In this step, teams should discuss what features can address the user problems. For example, what components will make your service/product more user-friendly? In short, brainstorming any ideas related to the project should be encouraged for effective project management.
Build and Initial Prototype
The next step in agile project management is to build a rough prototype. After all, agile encourages flexibility and creativity.
Showing an initial prototype to the customers will help your organization get valuable feedback. If you get any negative feedback, use it to make improvements and build another prototype that aligns with user expectations.
The best part about building a prototype is that you get an overall idea about what’s working and what’s not before completing the project. Without a prototype, you’ll waste your time on a project that won’t get appreciated by your clients in the end.
Decide the Project Scope
Based on the feedback, you can decide how much work you must do. In addition, you can add or remove features from the project based on the feedback.
Make sure to create a documentation process for updating what needs to be added or removed as the project progresses.
After this step, you’ll also have to plan project milestones using a roadmap. Then finally, you have to determine the deadline of each milestone for efficient project management.
The next step is Iteration Planning. Iteration planning generally lasts between one to four hours. Here’s how you can do iteration planning in agile project management:
- First, arrange a retrospective meeting to discuss the lessons you’ve learned from the previous iteration.
- Conduct iteration planning meetings to measure and update the release based on the velocity in recent iterations, new features, priority changes, etc.
- Make sure the user stories are well defined to avoid roadblocks. Also, break down the user stories into small specific tasks to complete them within one workday.
- Team members assign tasks to themselves.
- Write the tasks on sticky cards and stick them on large visible boards. All the user stories must be visible to the entire team.
- Don’t forget to track the progress of each task by using a grid. Keep an eye on who completes each task on time, the overall time to complete it, and how much time is remaining.
- Also, use burndown charts to calculate if your project is progressing on, ahead, or behind schedule.
Remember, during the iteration planning, every team member should get the chance to share their opinion and concerns regarding the project. Communicating openly will ensure everyone is on the same page.
Plan Daily Stand-Up Meetings
Daily stand-up meetings are essential to identify any issues early. A project manager has to manage the stand-up meetings and keep the team members aligned.
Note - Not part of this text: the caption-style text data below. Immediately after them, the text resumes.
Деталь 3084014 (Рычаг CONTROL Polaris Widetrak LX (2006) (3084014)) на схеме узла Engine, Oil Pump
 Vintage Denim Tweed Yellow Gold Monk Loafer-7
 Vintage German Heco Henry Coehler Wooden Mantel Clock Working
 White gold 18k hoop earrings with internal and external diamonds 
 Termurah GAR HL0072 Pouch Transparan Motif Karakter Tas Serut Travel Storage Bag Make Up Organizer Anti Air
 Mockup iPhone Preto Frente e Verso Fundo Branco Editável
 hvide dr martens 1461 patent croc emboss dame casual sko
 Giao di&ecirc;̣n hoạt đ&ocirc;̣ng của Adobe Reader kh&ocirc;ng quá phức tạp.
Here are a few components of daily stand-up meetings:
- The daily stand-up meetings are a maximum of 15 minutes long.
- In each meeting, the team members share updates on what task they did yesterday, what they’ll do today, what issues they are facing while working on the task, etc.
- In daily stand-up meetings, teams should briefly report the obstacles they face while working on a project.
Review the Iterations
After each iteration, the team with stakeholders should assemble to review their progress. In iteration review, the team must focus on what went well and what needs improvement.
Apart from review, keeping your customers or clients updated about the project’s progress is important. It will provide more improvement opportunities if they can check the project and provide feedback anytime.
Complete and Release
Once you’ve completed the project that meets your client’s expectations and needs, you can release it to a larger customer base. However, if, after project completion, any error occurs, you may have to be flexible for changes.
Effective project management depends on technical expertise and strong collaboration, communication, and interpersonal skills. Your communication skills with the team will improve with each project you manage. You can also use effective communication tools or channels within the agile team for effective project management.